SMRT – OCBC

Visit to Circle Line Stages 1 and 2

Circle Line to boost ridership… We had a sneak preview of Circle Line (CCL) Stages 1 and 2 yesterday, almost two weeks ahead of its official opening on 17 April. All 11 stations from CCL Stages 1-2 are fully ready for operations, except for a few minor fittings and installations. When opened, ridership from this stretch of 16 stations (including five existing CCL Stage 3 stations which have been in operation since last May) is expected to jump to 200k commuters, up from almost 40k for the first five stops currently. We understand from management that it is not expecting the network to breakeven immediately with the additional stations. However, we continue to hold our optimism that SMRT is likely to attain another level of growth as it captures higher train ridership from the progressive opening of CCL. The rest of the CCL stations (Stages 4 and 5) are slated to open in 2011. When this happens, the CCL is expected to see ridership of 500k commuters, which would contribute significantly to its top and bottom line, in our view.

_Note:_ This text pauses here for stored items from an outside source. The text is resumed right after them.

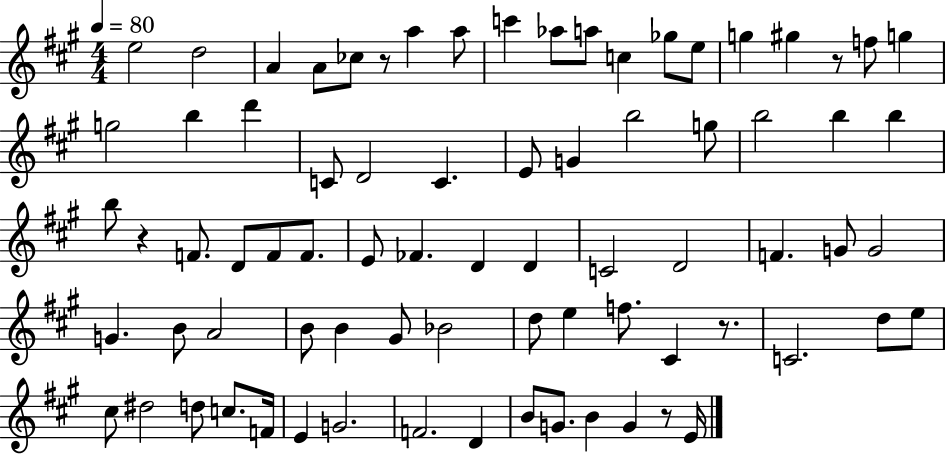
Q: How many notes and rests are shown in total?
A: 77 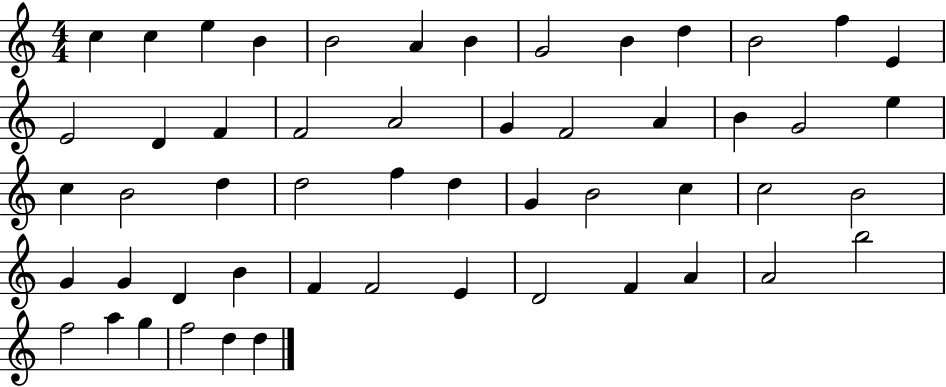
X:1
T:Untitled
M:4/4
L:1/4
K:C
c c e B B2 A B G2 B d B2 f E E2 D F F2 A2 G F2 A B G2 e c B2 d d2 f d G B2 c c2 B2 G G D B F F2 E D2 F A A2 b2 f2 a g f2 d d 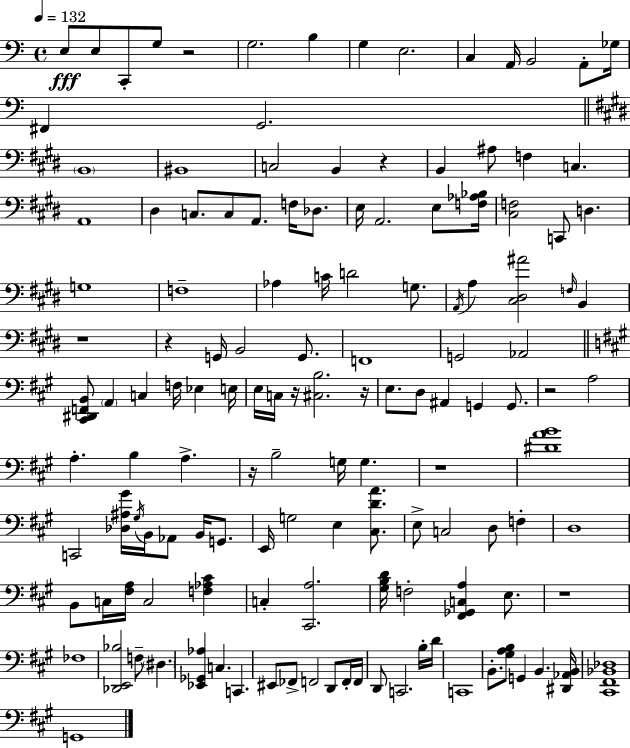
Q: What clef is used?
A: bass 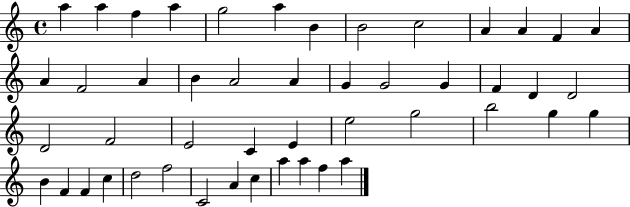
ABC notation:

X:1
T:Untitled
M:4/4
L:1/4
K:C
a a f a g2 a B B2 c2 A A F A A F2 A B A2 A G G2 G F D D2 D2 F2 E2 C E e2 g2 b2 g g B F F c d2 f2 C2 A c a a f a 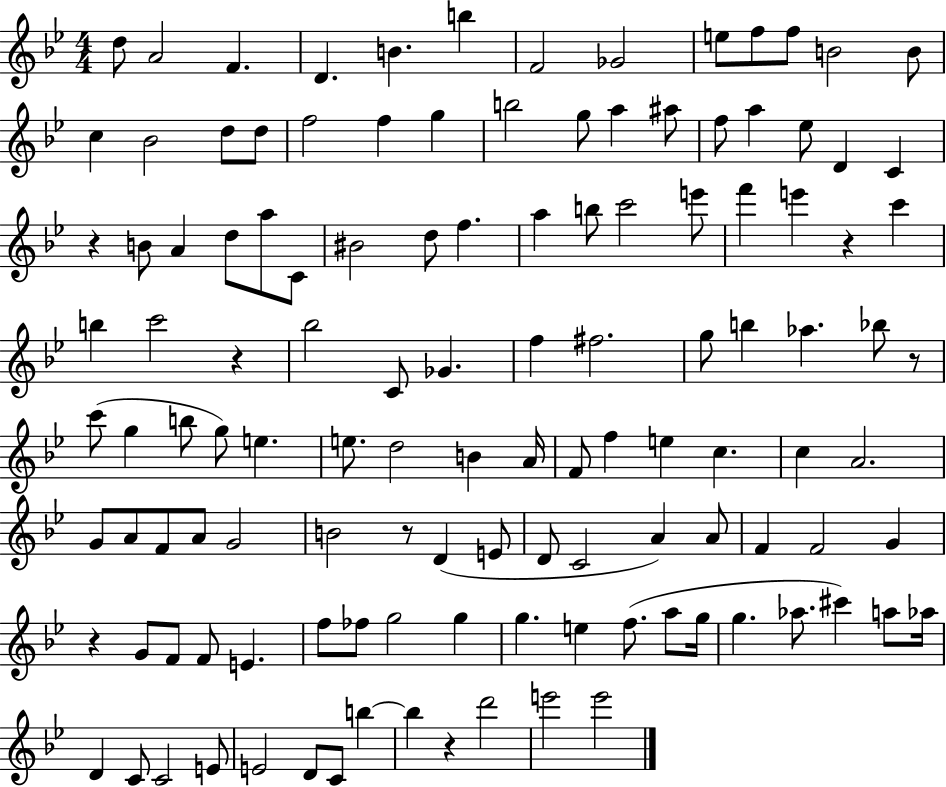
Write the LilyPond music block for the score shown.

{
  \clef treble
  \numericTimeSignature
  \time 4/4
  \key bes \major
  \repeat volta 2 { d''8 a'2 f'4. | d'4. b'4. b''4 | f'2 ges'2 | e''8 f''8 f''8 b'2 b'8 | \break c''4 bes'2 d''8 d''8 | f''2 f''4 g''4 | b''2 g''8 a''4 ais''8 | f''8 a''4 ees''8 d'4 c'4 | \break r4 b'8 a'4 d''8 a''8 c'8 | bis'2 d''8 f''4. | a''4 b''8 c'''2 e'''8 | f'''4 e'''4 r4 c'''4 | \break b''4 c'''2 r4 | bes''2 c'8 ges'4. | f''4 fis''2. | g''8 b''4 aes''4. bes''8 r8 | \break c'''8( g''4 b''8 g''8) e''4. | e''8. d''2 b'4 a'16 | f'8 f''4 e''4 c''4. | c''4 a'2. | \break g'8 a'8 f'8 a'8 g'2 | b'2 r8 d'4( e'8 | d'8 c'2 a'4) a'8 | f'4 f'2 g'4 | \break r4 g'8 f'8 f'8 e'4. | f''8 fes''8 g''2 g''4 | g''4. e''4 f''8.( a''8 g''16 | g''4. aes''8. cis'''4) a''8 aes''16 | \break d'4 c'8 c'2 e'8 | e'2 d'8 c'8 b''4~~ | b''4 r4 d'''2 | e'''2 e'''2 | \break } \bar "|."
} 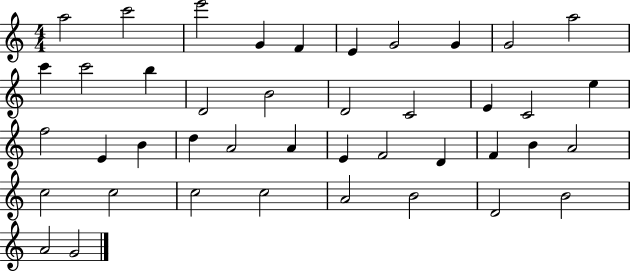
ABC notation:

X:1
T:Untitled
M:4/4
L:1/4
K:C
a2 c'2 e'2 G F E G2 G G2 a2 c' c'2 b D2 B2 D2 C2 E C2 e f2 E B d A2 A E F2 D F B A2 c2 c2 c2 c2 A2 B2 D2 B2 A2 G2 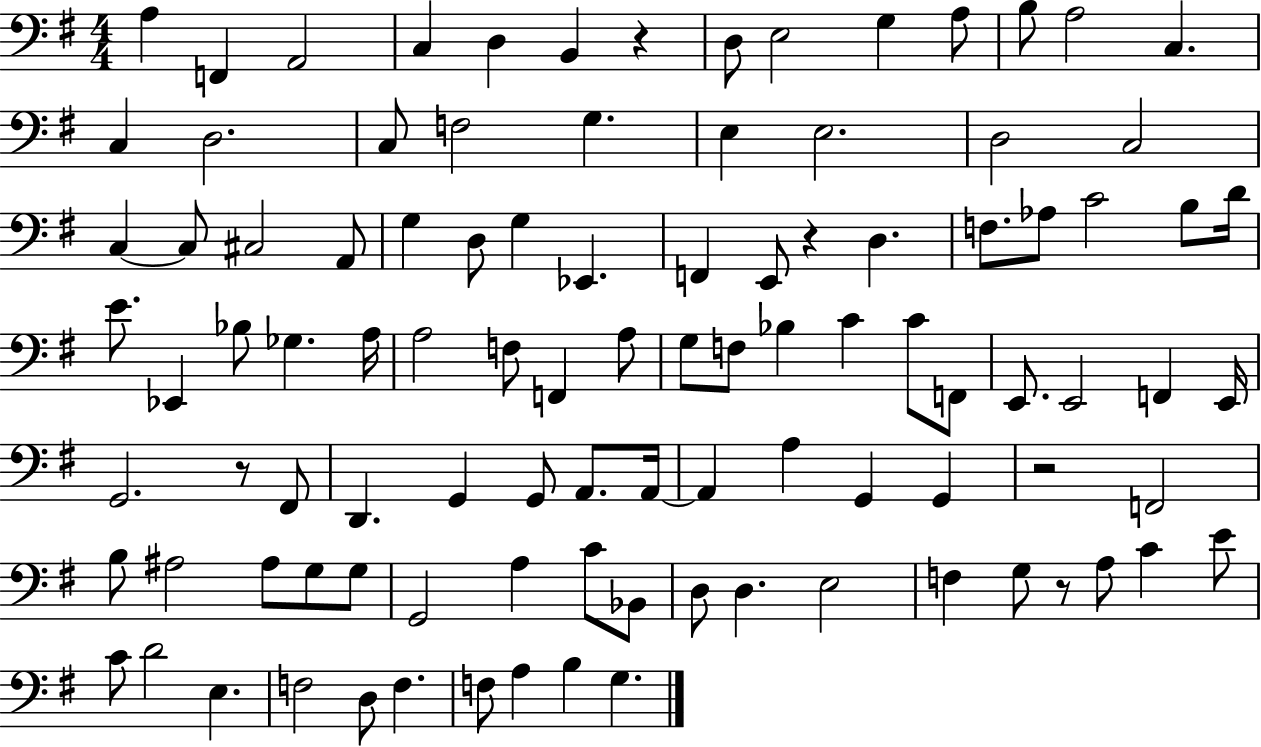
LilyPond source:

{
  \clef bass
  \numericTimeSignature
  \time 4/4
  \key g \major
  \repeat volta 2 { a4 f,4 a,2 | c4 d4 b,4 r4 | d8 e2 g4 a8 | b8 a2 c4. | \break c4 d2. | c8 f2 g4. | e4 e2. | d2 c2 | \break c4~~ c8 cis2 a,8 | g4 d8 g4 ees,4. | f,4 e,8 r4 d4. | f8. aes8 c'2 b8 d'16 | \break e'8. ees,4 bes8 ges4. a16 | a2 f8 f,4 a8 | g8 f8 bes4 c'4 c'8 f,8 | e,8. e,2 f,4 e,16 | \break g,2. r8 fis,8 | d,4. g,4 g,8 a,8. a,16~~ | a,4 a4 g,4 g,4 | r2 f,2 | \break b8 ais2 ais8 g8 g8 | g,2 a4 c'8 bes,8 | d8 d4. e2 | f4 g8 r8 a8 c'4 e'8 | \break c'8 d'2 e4. | f2 d8 f4. | f8 a4 b4 g4. | } \bar "|."
}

…and rental and advertising revenue. Apart from higher ridership, CCL Stages 1 and 2 are expected to give a boost to its rental and advertising revenue. According to management, this is estimated to add approximately 2,500sqm of net lettable rental space (out of which 2,000sqm is from Esplanade Xchange, which is located right at the heart of the bustling city area), or 8.6% of its total lettable space in 3QFY10. The take-up rate has also been encouraging at the mid-80s level, and committed by a variety of retailers and food chains at competitive market rates and average tenancy period of three years. In addition, we see ample room for advertising opportunities in these stations, considering the human flow and available space.

Fair value raised to S$2.22; maintain BUY. We are maintaining our BUY rating on SMRT. We like the group for its defensive nature, consistently strong operating cash flows and dividend payouts. As the group enters a new fiscal year (FYE 31 Mar), we now roll our valuation to FY11 (forecasts kept intact). This raises our DDM-based fair value from S$2.05 to S$2.22, or 19x FY11F EPS (still within 5-year PER range of 11-22x).